The U.S. Department of Commerce’s Bureau of Economic Analysis has released one more look at what is happening at the individual level inside the U.S. economy. Personal income and outlays have been released for the month of September. On the surface it appears spending rose faster than income.
Personal income increased by $46.7 billion, or 0.3%, in September. Disposable personal income rose by $37.0 billion, or 0.3%, and the personal consumption expenditures increased by $61.0 billion, or 0.5%.
Bloomberg was calling for a 0.4% rise in personal income and for a 0.5% rise in personal consumption expenditures.
One issue that may stand out here is the component for real disposable income. This level rose by less than 0.1% in September, while real personal consumption expenditures rose by 0.3%.

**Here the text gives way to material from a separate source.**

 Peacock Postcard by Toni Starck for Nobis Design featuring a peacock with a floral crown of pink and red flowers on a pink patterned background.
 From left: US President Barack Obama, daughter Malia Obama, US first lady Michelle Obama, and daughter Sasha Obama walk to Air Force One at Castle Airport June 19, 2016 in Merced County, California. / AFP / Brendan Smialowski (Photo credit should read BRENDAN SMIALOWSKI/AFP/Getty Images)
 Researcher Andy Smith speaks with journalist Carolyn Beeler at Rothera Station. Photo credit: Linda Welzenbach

The pricing data looks muted on the monthly reports, but the year-over-year readings are far different. The monthly personal consumption expenditures price index was up by 0.2%, and the monthly core personal consumption expenditures (excluding food and energy) rose by 0.1%. On a year-over-year basis, the personal consumption expenditures price index was up 1.2% on the headline and was up by 1.7% on the core price index.

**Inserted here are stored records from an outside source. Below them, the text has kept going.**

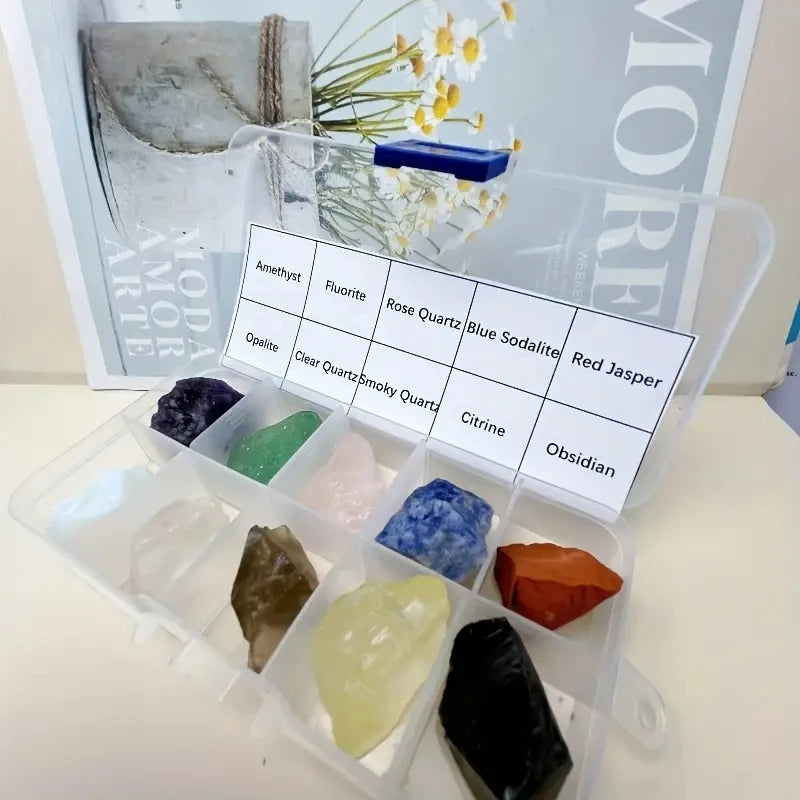 A clear plastic box contains a set of natural crystal stones including amethyst, fluorite, rose quartz, blue sodalite, red ja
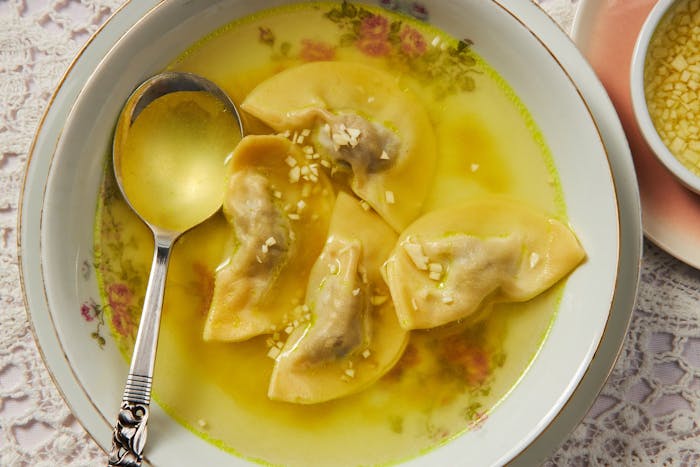 Dumpling soup with dish of minced garlic and broth.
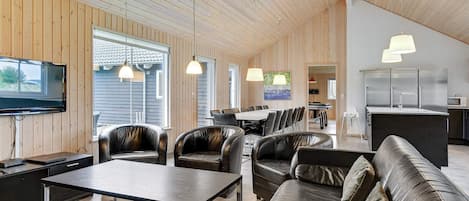 A spacious living area with a high ceiling, wooden panel walls, leather sofas, a dining table, and pendant lighting.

As noted in last week’s data, the consumer income was not moving into savings. The savings rate was down 0.1% but was still at 5.7% of income.
Individual data were compiled below:
- The increase in personal income in September primarily reflected increases in compensation of employees and nonfarm proprietors’ income.
- The increase in real personal consumption expenditures in September primarily reflected an increase in spending for durable goods.
- Personal spending increased by $59.7 billion in September.
- Personal saving was $797.8 billion in September, and the personal saving rate, personal saving as a percentage of disposable personal income, was 5.7%.